__Exercise__. Exactly as they appear below, repeat the lines from the one with "Wandkalender 2027 Simple" through the one with "Tween Girls Comfy", and no others.

__Working data__.

[Start of Attachment]

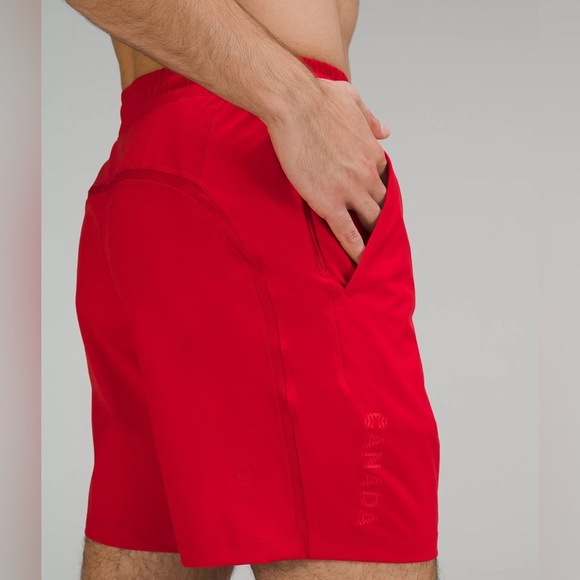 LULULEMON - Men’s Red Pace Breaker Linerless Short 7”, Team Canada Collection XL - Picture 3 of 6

[End of Attachment]
[Start of Attachment]

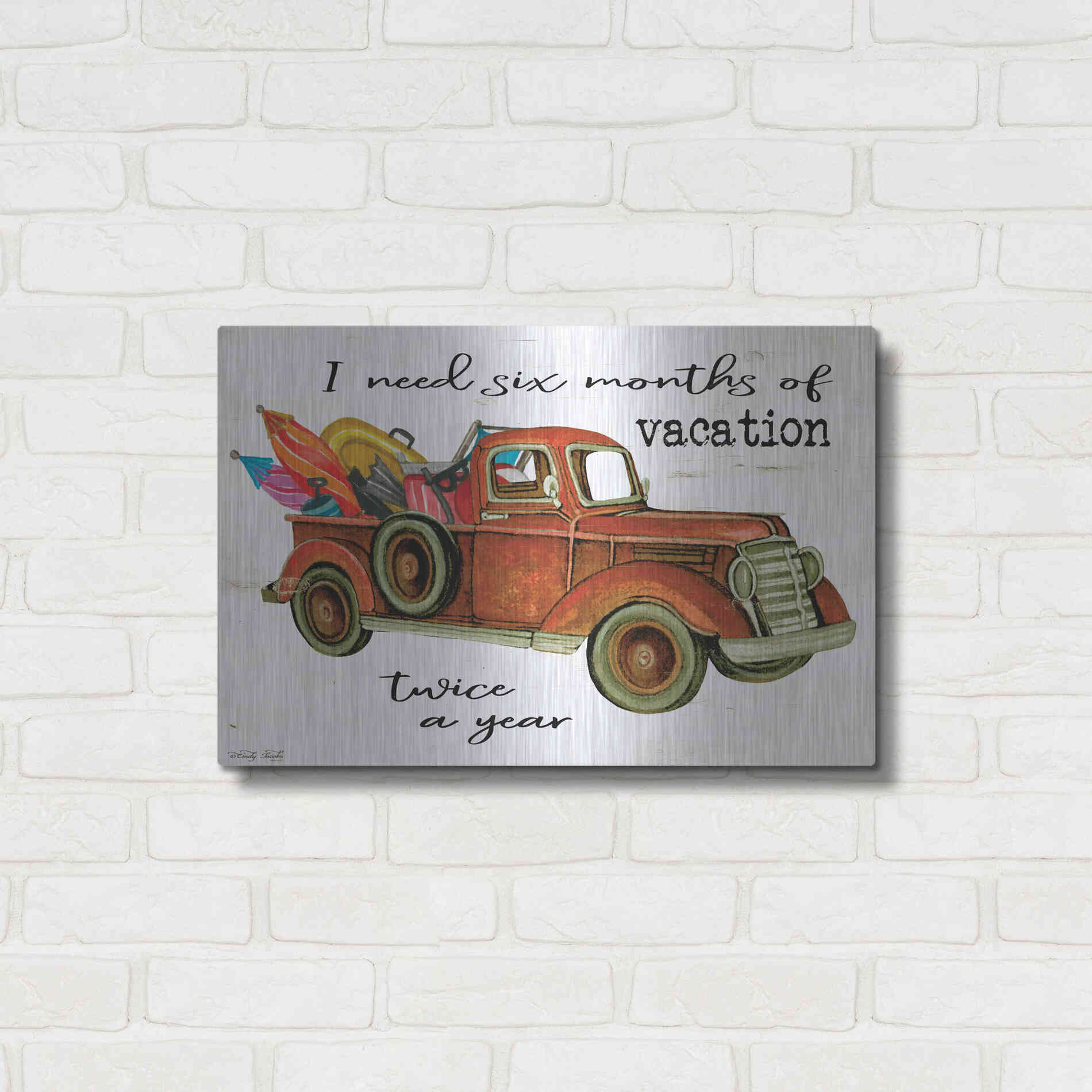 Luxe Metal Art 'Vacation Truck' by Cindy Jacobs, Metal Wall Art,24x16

[End of Attachment]
[Start of Attachment]

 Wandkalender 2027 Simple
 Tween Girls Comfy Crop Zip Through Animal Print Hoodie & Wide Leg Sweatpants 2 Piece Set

[End of Attachment]

__Your response__.
 Wandkalender 2027 Simple
 Tween Girls Comfy Crop Zip Through Animal Print Hoodie & Wide Leg Sweatpants 2 Piece Set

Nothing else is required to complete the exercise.